I do currently block these but I'm wondering if I'm being overly cautious. As far as I do know, these are typically used by scrapers - is this still correct?
Thanks
wilderness
12:33 pm on Jan 7, 2015 (gmt 0)
The python UA is included in just about every example of htaccess denies.

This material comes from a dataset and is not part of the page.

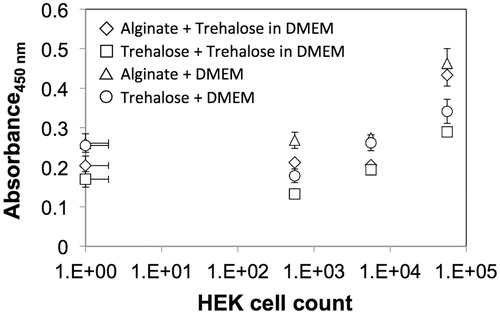 Figure 1. Calibration curve for cell viability as measured using the WST assay for HEK cells cultured in 2D and 3D conditions prior to cryopreservation – representative viability for (i) cells encapsulated in alginate incorporating trehalose: Alginate + Trehalose in DMEM (diamonds); (ii) cells in 2D culture conditions after pretreatment and second incubation in trehalose: Trehalose + Trehalose in DMEM (squares); (iii) cells encapsulated in alginate not incorporating trehalose: Alginate + DMEM (triangles); and (iv) cells in 2D culture conditions after pretreatment trehalose: Trehalose + DMEM (circles).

There are a dozen or two common terms that are abused by harvesters and should be part of every black-list. spider and crawler are the most abused. Other common terms are 'synonyms of download'.\
FWIW, in more than 15-years I've a mere three references to 'Ruby', and they were from IP's that wouldn't gain access anyway (one of which was Amazon).
roshaoar
12:42 pm on Jan 7, 2015 (gmt 0)
Everytime I tweet out a link, I get visited by ruby, visits to graphics. Always amazonAWS IPs (many different).
topr8
1:00 pm on Jan 7, 2015 (gmt 0)
personally i block all amazonAWS, ditto python UA's
i'd not seen ruby before, but i'd block that too - i can't see it being of any help.
roshaoar
1:17 pm on Jan 7, 2015 (gmt 0)
Amazon AWS is just weird. Almost every day, on a 25hr cycle, I get 4x as much traffic to one site from fake googlebot "gocrawl" crawlers from AWS as everything else put together. 100s and 100s of IPs. I block 'em, they keep coming. They look at robots first but don't take the blindest notice.